This is the first of three conversations about exclusion in the @ space. In the old days I used to say that the only interesting people in punk were the ones in bands, doing zines, putting on shows. The active punks. Today I think it is fair to say that many, if not most, of the interesting people in the anarchist space have been excluded from some anarchist body. Sometimes it looks like typical social clique bullshit. Other times like fucking purges.
This episode is the second step on a process on how to think about exclusion, how we are for and against it, how we learn and grow from it, and what is means for the anarchist space that exclusion is so central to it. In this conversation with Ben we learn about homogeneity, Portland, effectiveness vs maybe principles?, and like usual the gap between people and society.
The first step of this process, for me btw, was the workshop I did for this years BASTARD Conference. Here is the writeup of that.
This is a basic conversation that, if successful, will question a basic anarchist principle and point a way torward thinking about how to form pods of human activity in a possible, viable future. We will discuss what is social, society, and at what numerical breaks are different kinds of organizations possible and impossible. Mostly we’d like to talk about exclusion as a consequence of how this society is ordered but also how utopia planning is largely a reactionary and conservative process. We are against it.
As always email us at the brilliant email address.
As someone who once migrated from a rural community to become involved with an urban anarchist scene, Ben’s core point about hyper-localism as the basis of a vetting process within anarchist subcultures really resonated with me. Where I differ with him is that, in my experience, a desire to “get shit done” is just as much a part of this vetting process as is the development of social rapport over an extended period of time.
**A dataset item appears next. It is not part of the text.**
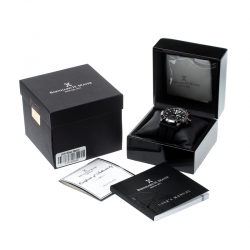 Bernhard H. Mayer Black PVD Coated Stainless Steel Drift Glider Men's Wristwatch 44 mm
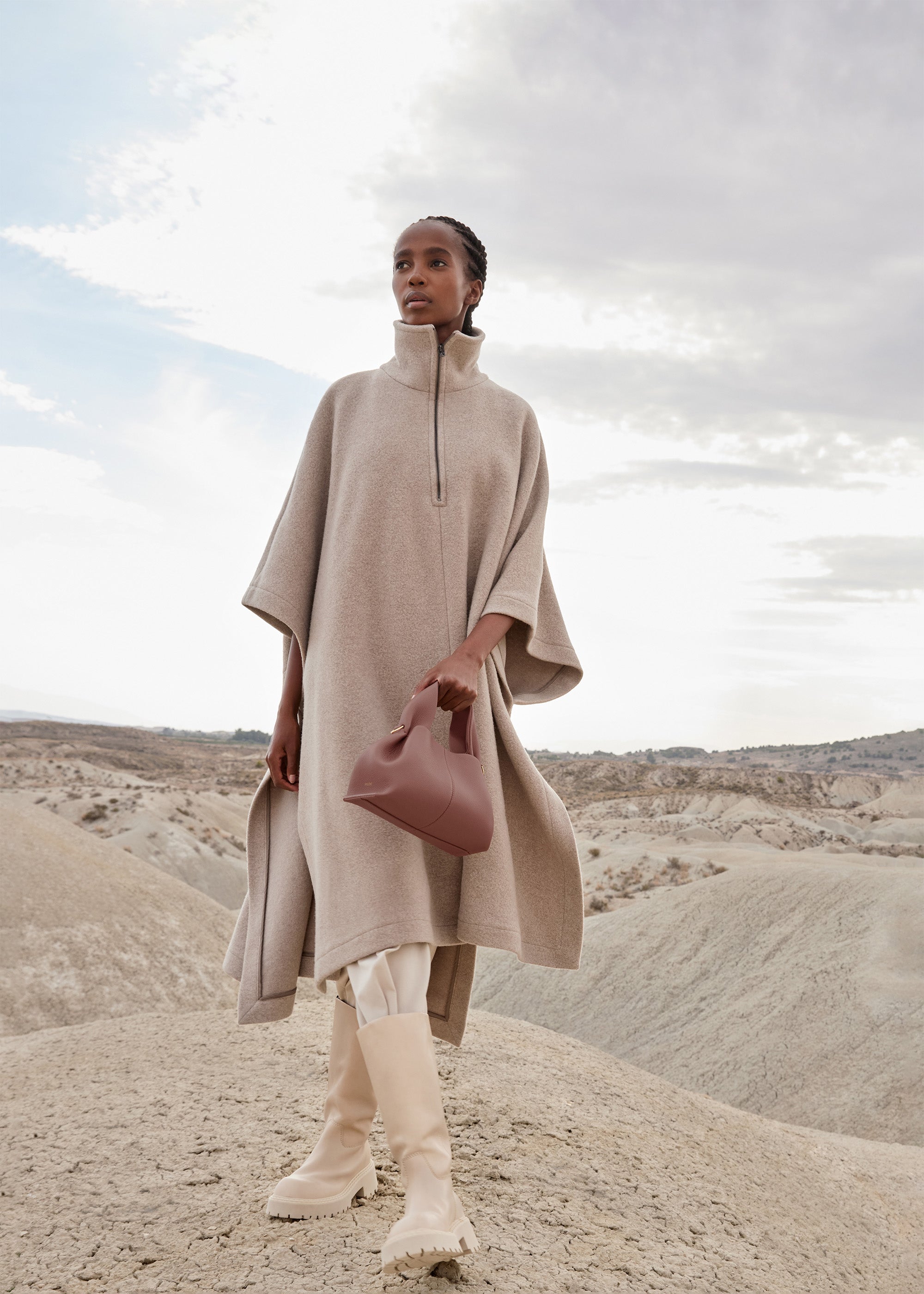 Polène | Bag - Numéro Neuf Mini - Textured Blush – Polène CA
From what I’ve seen, it is usually the central group of entrenched locals who all know each other who are the most stringent enforcers of “getting shit done.” One of my main critiques of “activism” is precisely its excessive preoccupation with action-for-its-own-sake. If everyone just cooled their jets a bit and realized that the world isn’t going to come to an end if you put “action” on hold for a while and spend a little more time theorizing about the How and the Why of what it is you’re actually doing, then maybe the tendency of anarchists to stagnate in their respective subcultural bubbles could be addressed in a more intelligent and reflective manner.
Also, as a side-note, I really dug his idea of developing a more “nomadic” anarchism. Furthermore, it’s worth pointing out that he’s veering dangerously close to Deleuze & Guattari’s “nomadology” when he makes comments like that. Despite Ben’s reluctance to admit it, maybe his inner “Continental” philosopher is rattling its chains trying to break free.
we’ve already seen several peaks and declines of nomadology in an north american context — crust/dropout/rainbow/anit-globe/earth first/crimethinc/hobos
all of these have been advocated for and critiqued elsewheres, seems like an error to advocate for nomadism w/o mention of current/past attempts at it.
Arguably so, and I welcome such critiques. However, my central point was not so much to “advocate” for anything in particular as to identify a hidden affinity between Ben’s own thinking and the “Continental philosophy” from which he’d otherwise like to distance himself.
However, since you brought it up, it might be worth taking a closer look at how the Israeli military have managed to make use of “nomadology” to some effect in the Palestinian territories:
If anarchists in North America were prepared to up their intellectual game, perhaps they could make effective use of it as well.